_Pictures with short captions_
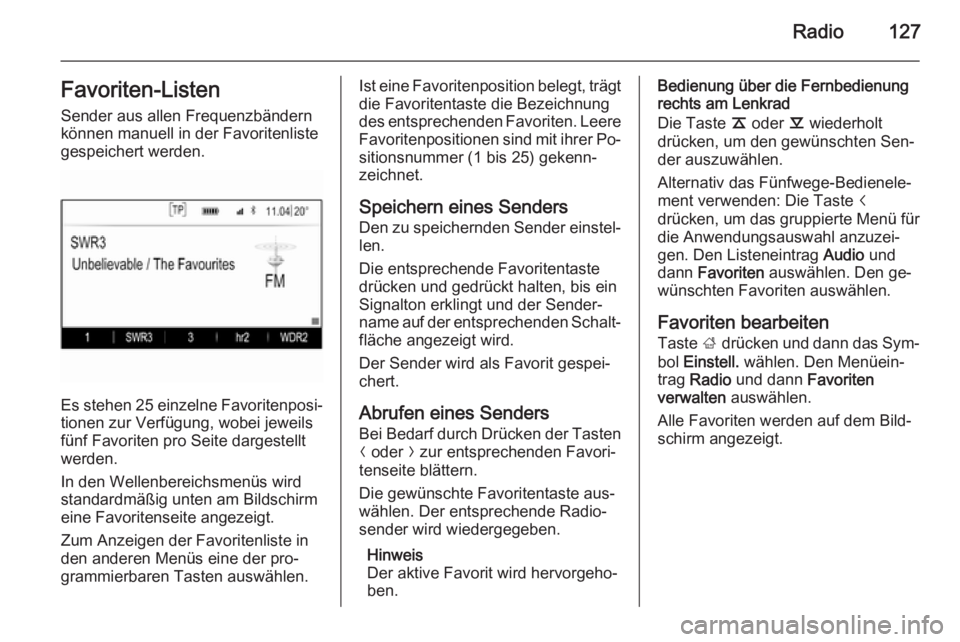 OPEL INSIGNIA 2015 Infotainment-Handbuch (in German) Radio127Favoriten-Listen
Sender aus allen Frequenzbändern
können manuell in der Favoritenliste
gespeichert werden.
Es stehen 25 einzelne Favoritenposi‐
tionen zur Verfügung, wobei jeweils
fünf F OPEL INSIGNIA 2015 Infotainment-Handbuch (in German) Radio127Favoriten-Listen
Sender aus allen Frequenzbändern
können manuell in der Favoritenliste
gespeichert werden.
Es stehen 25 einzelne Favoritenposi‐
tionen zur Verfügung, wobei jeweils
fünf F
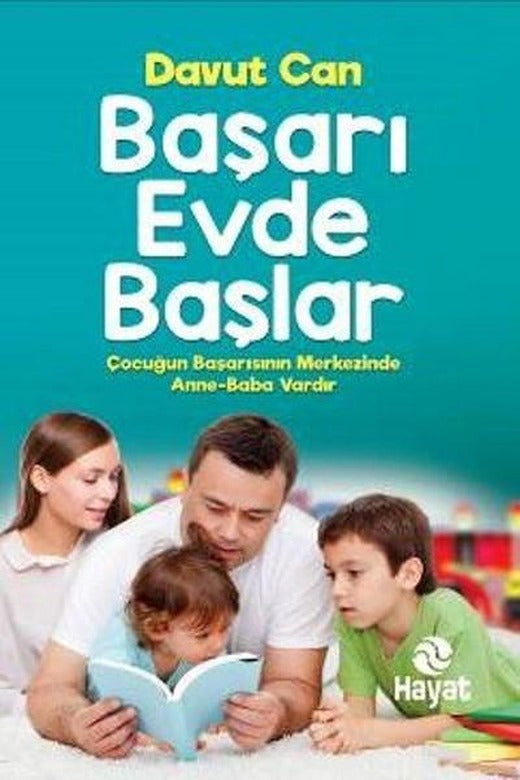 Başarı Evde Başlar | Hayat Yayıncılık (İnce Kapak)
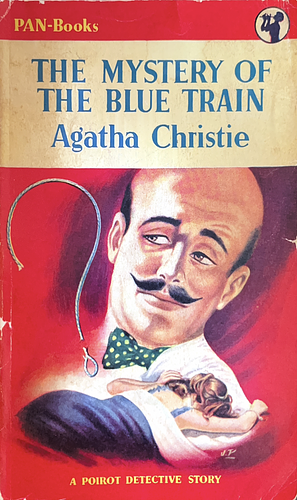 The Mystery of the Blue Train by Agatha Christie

_Exercise prompt_
Word for word, give back each entry from above, but skip any picture.

_Final answer_
 OPEL INSIGNIA 2015 Infotainment-Handbuch (in German) Radio127Favoriten-Listen
Sender aus allen Frequenzbändern
können manuell in der Favoritenliste
gespeichert werden.
Es stehen 25 einzelne Favoritenposi‐
tionen zur Verfügung, wobei jeweils
fünf F OPEL INSIGNIA 2015 Infotainment-Handbuch (in German) Radio127Favoriten-Listen
Sender aus allen Frequenzbändern
können manuell in der Favoritenliste
gespeichert werden.
Es stehen 25 einzelne Favoritenposi‐
tionen zur Verfügung, wobei jeweils
fünf F
 Başarı Evde Başlar | Hayat Yayıncılık (İnce Kapak)
 The Mystery of the Blue Train by Agatha Christie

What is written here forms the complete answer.